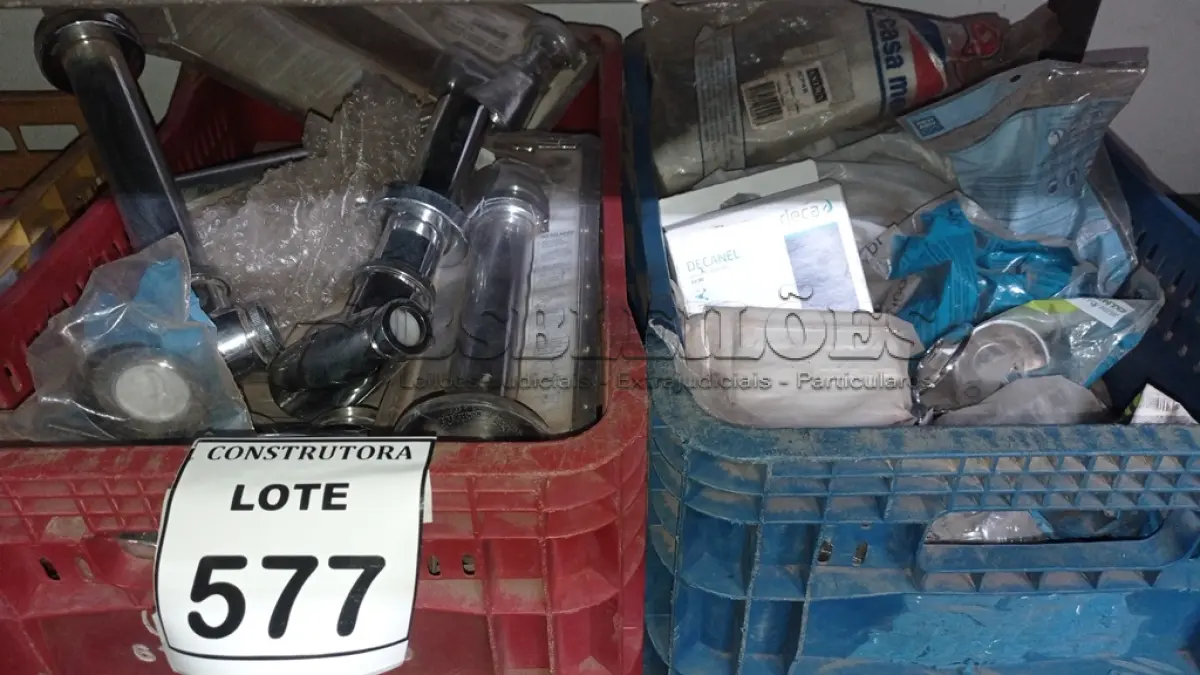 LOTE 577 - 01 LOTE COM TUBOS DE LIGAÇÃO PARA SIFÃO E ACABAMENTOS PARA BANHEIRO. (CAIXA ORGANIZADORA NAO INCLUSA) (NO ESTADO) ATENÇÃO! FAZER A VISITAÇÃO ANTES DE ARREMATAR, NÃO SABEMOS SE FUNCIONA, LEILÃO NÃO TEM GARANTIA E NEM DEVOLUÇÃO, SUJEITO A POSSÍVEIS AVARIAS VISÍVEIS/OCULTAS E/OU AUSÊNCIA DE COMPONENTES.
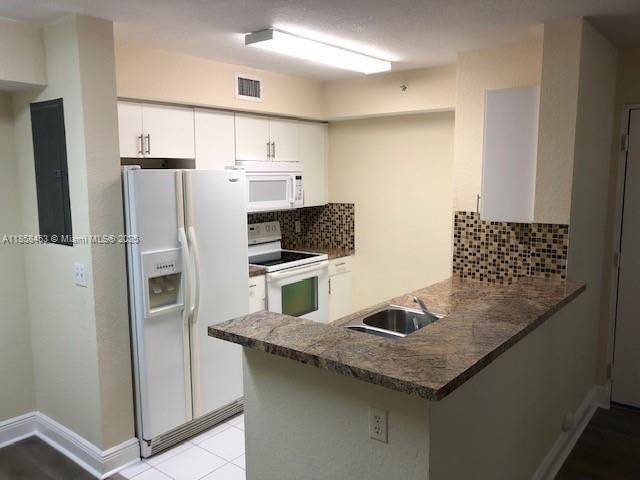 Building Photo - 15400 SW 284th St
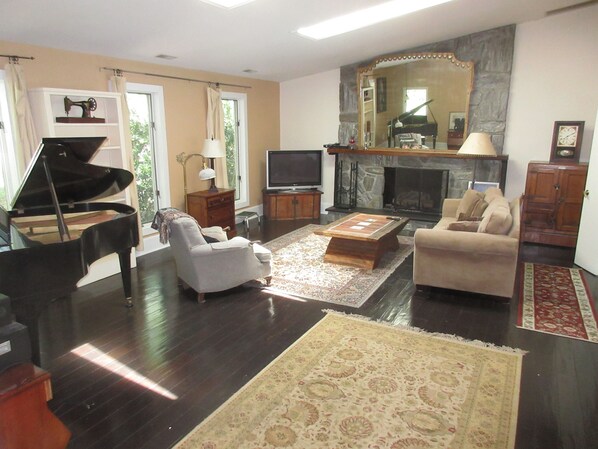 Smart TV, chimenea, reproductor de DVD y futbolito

---+---

> Task brief:
Without any pictures, please write out the lines from the one containing "Building Photo - 15400 SW 284th St" through the final line of the data, exactly and inclusive of both ends.

> Finished task:
 Building Photo - 15400 SW 284th St
 Smart TV, chimenea, reproductor de DVD y futbolito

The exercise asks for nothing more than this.